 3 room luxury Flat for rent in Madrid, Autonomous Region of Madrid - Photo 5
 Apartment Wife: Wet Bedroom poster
===============
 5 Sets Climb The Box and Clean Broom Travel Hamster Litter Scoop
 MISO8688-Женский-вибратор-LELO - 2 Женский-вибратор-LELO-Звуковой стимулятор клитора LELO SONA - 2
===============
- [About this task]:
Out of the data above, transcribe exactly and only the lines starting with the line that has "3 room luxury" and going on through the line that has "Apartment Wife: Wet Bedroom poster", both included.

- [Output of the task]:
 3 room luxury Flat for rent in Madrid, Autonomous Region of Madrid - Photo 5
 Apartment Wife: Wet Bedroom poster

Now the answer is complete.